A survey by BT Global Services suggests that consumers have yet to be sold on the security of mobile banking and alternative payments services.

Despite being around for several years now, mobile banking still has yet to earn the kind of trust that consumers put in online banking and ATM’s, new research from BT Global Services, an IT consulting and outsourcing firm, suggests. The firm released the results of a recent global survey of 1,000 consumers today, and the findings show that consumers still trust ATM’s, self-service kiosks and online banking far more than they trust mobile banking services. Among the U.S. consumers questioned in the survey only 13% said that they would trust mobile banking more than they would these other technologies, although that percentage was higher than in some European countries like Germany (5%) and Britain (10%).

[See Related: What's Next For Mobile Banking?]

“Banks must be careful not to lose sight of the need for human contact in either the branch or via a local call center agent. Our research shows that these continue to be customers’ most trusted and preferred channels,” Tom Regent, BT Global Service’s president of global banking and financial markets, said in a statement the company released concerning the survey results.

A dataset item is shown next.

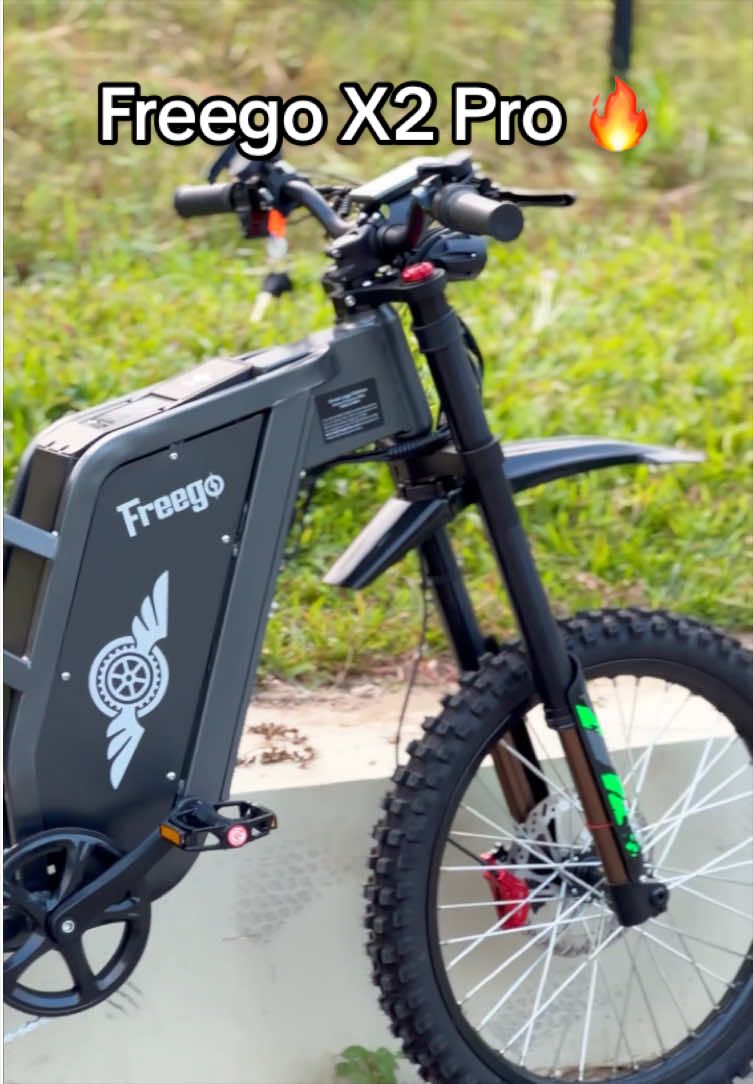 @Freegobikes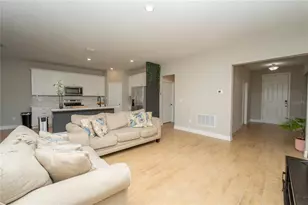 1177 Fox Hedge Ln, Saint Cloud, FL 34771 - Photo 23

U.S. consumers still consider the local branch an integral part of their banking experience, the research suggests. Half of the U.S. respondents said that having a local branch in a convenient location is the most important factor for them when switching to a new bank. The next most important factors in changing banks were the availability of 24/7 banking services and quality online bankign services.

The survey also found that U.S. consumers are far less intrigued by the idea of interacting with their bank through social media than consumers in other countries. Only 17% of U.S. consumers in the survey said they want their bank to interact with them through social media, while 39% of the respondents in Hong Kong and 37% of those in Spain were interested in the idea, according to BT Global’s statement.

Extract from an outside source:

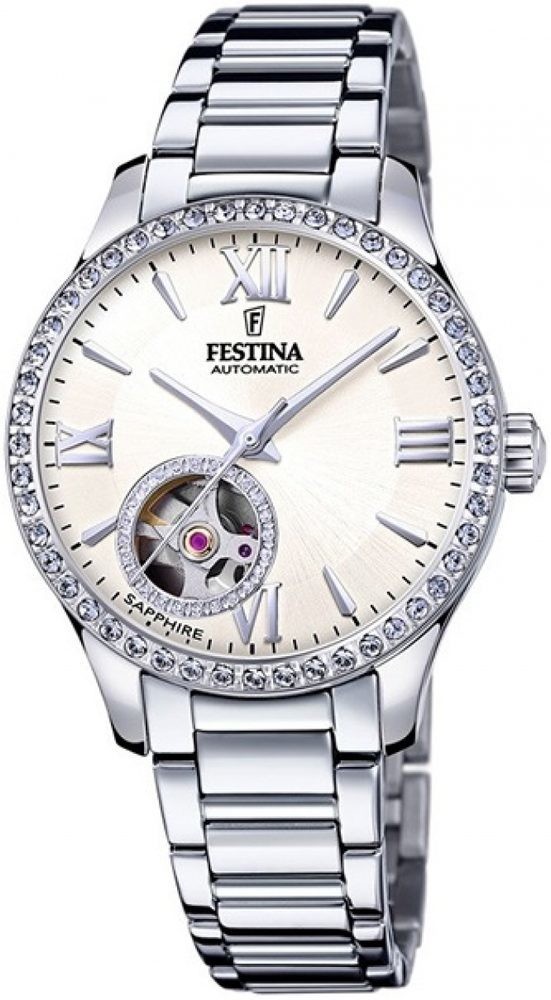 Festina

Although consumers are still hesitant about mobile banking, they are even more cautious about new alternative payments providers, meaning that banks still have an advantage in consumer trust over these new providers. Less than 10 percent of consumers had tried an alternative payments service like Bitcoins or virtual wallets in most of the countries involved in the poll, the statement said. Among U.S. consumers in the study 62% predicted that they definitely would not use an alternative payments service in the next 18 months.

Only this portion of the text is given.